**INPUT DATA:**

»»

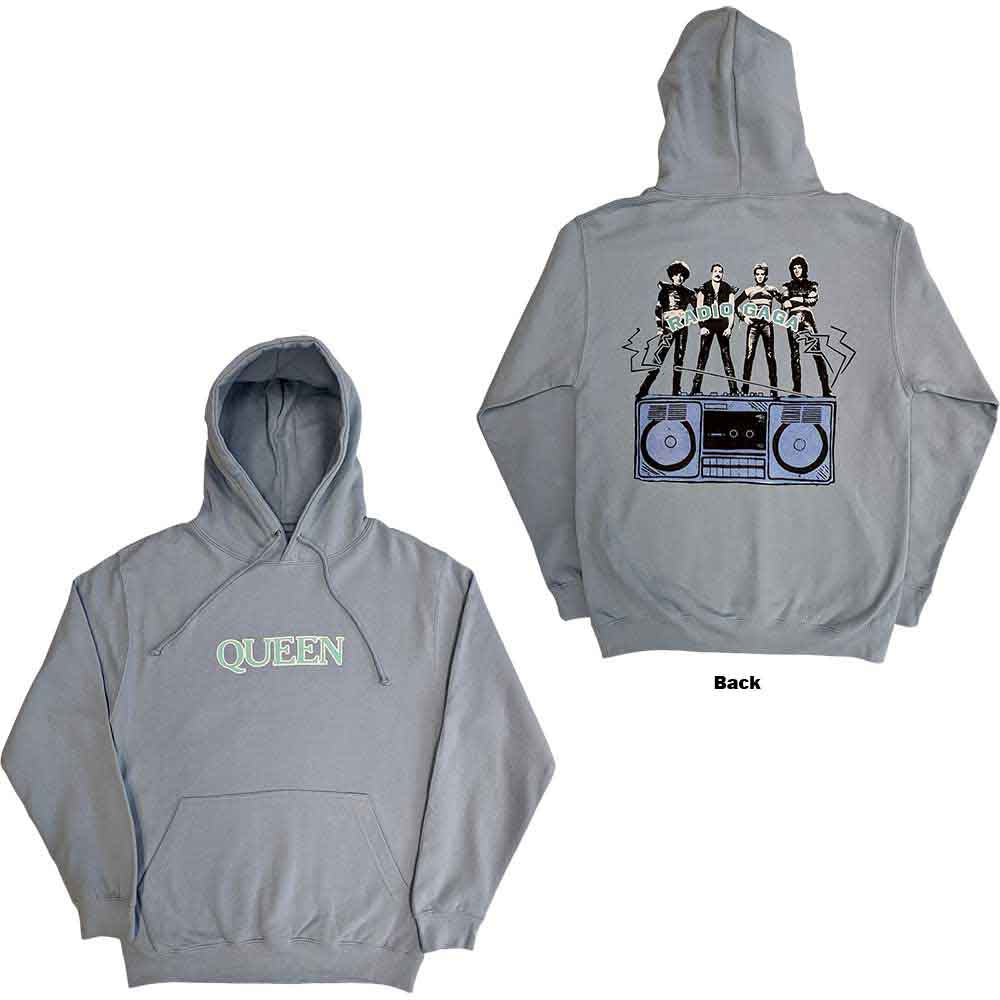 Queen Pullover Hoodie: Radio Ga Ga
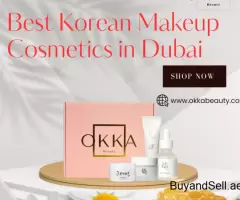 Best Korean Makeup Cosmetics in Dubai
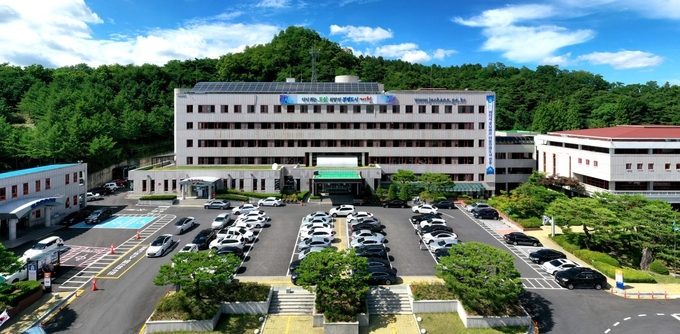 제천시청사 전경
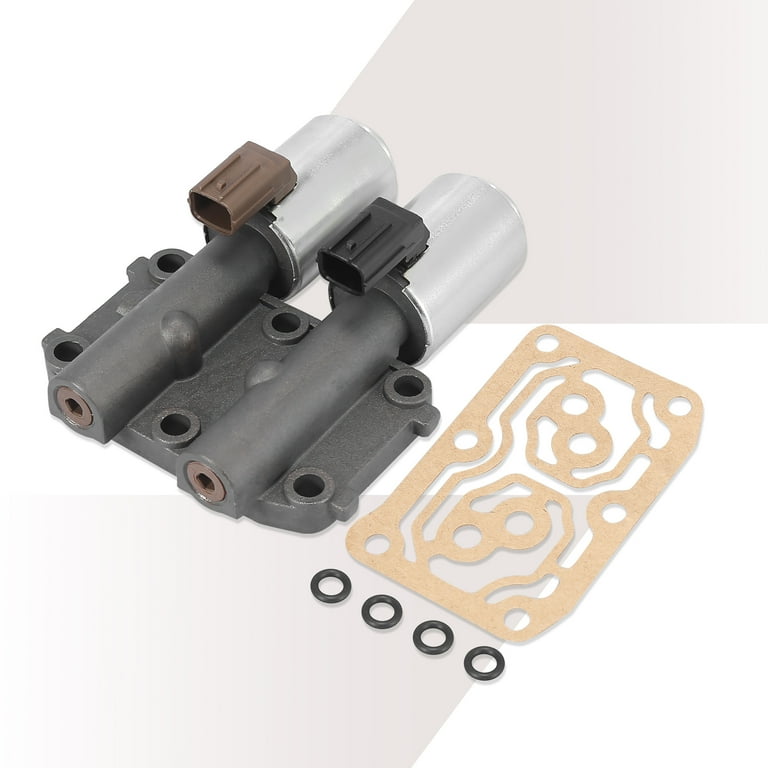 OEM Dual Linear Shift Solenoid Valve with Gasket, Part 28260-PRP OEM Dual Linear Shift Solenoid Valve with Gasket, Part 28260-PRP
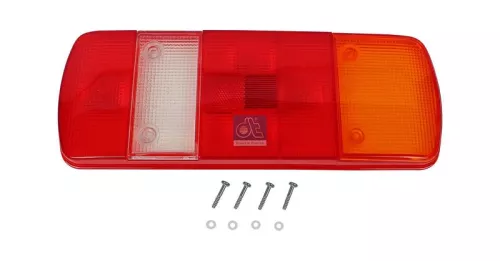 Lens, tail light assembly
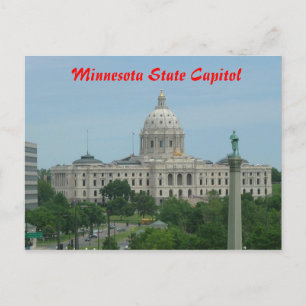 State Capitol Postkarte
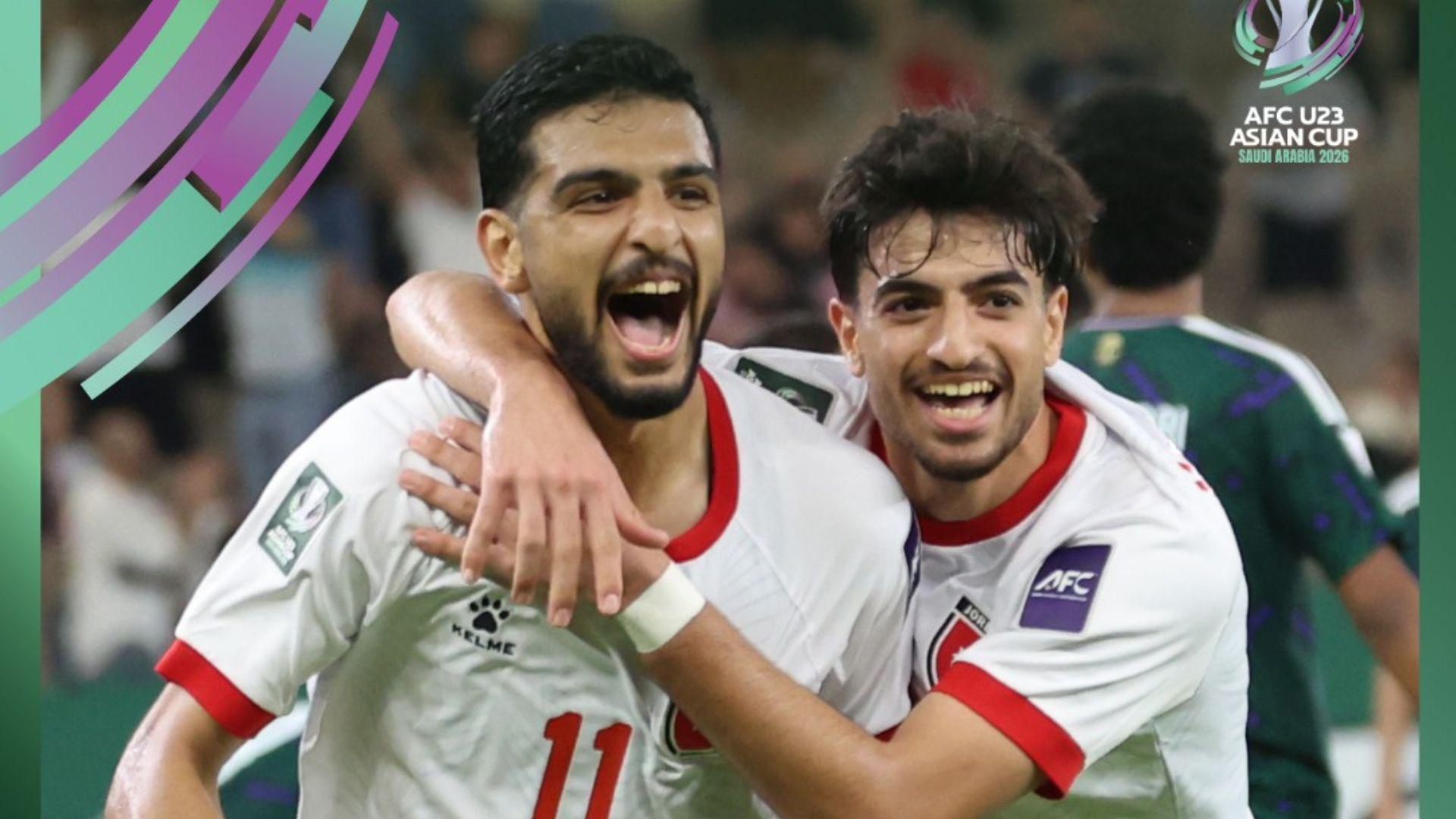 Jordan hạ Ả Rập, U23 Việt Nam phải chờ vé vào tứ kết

««

Copy out the material above in full and exactly; its pictures are not to appear.

**SOLUTION:**
 Queen Pullover Hoodie: Radio Ga Ga
 Best Korean Makeup Cosmetics in Dubai
 제천시청사 전경
 OEM Dual Linear Shift Solenoid Valve with Gasket, Part 28260-PRP OEM Dual Linear Shift Solenoid Valve with Gasket, Part 28260-PRP
 Lens, tail light assembly
 State Capitol Postkarte
 Jordan hạ Ả Rập, U23 Việt Nam phải chờ vé vào tứ kết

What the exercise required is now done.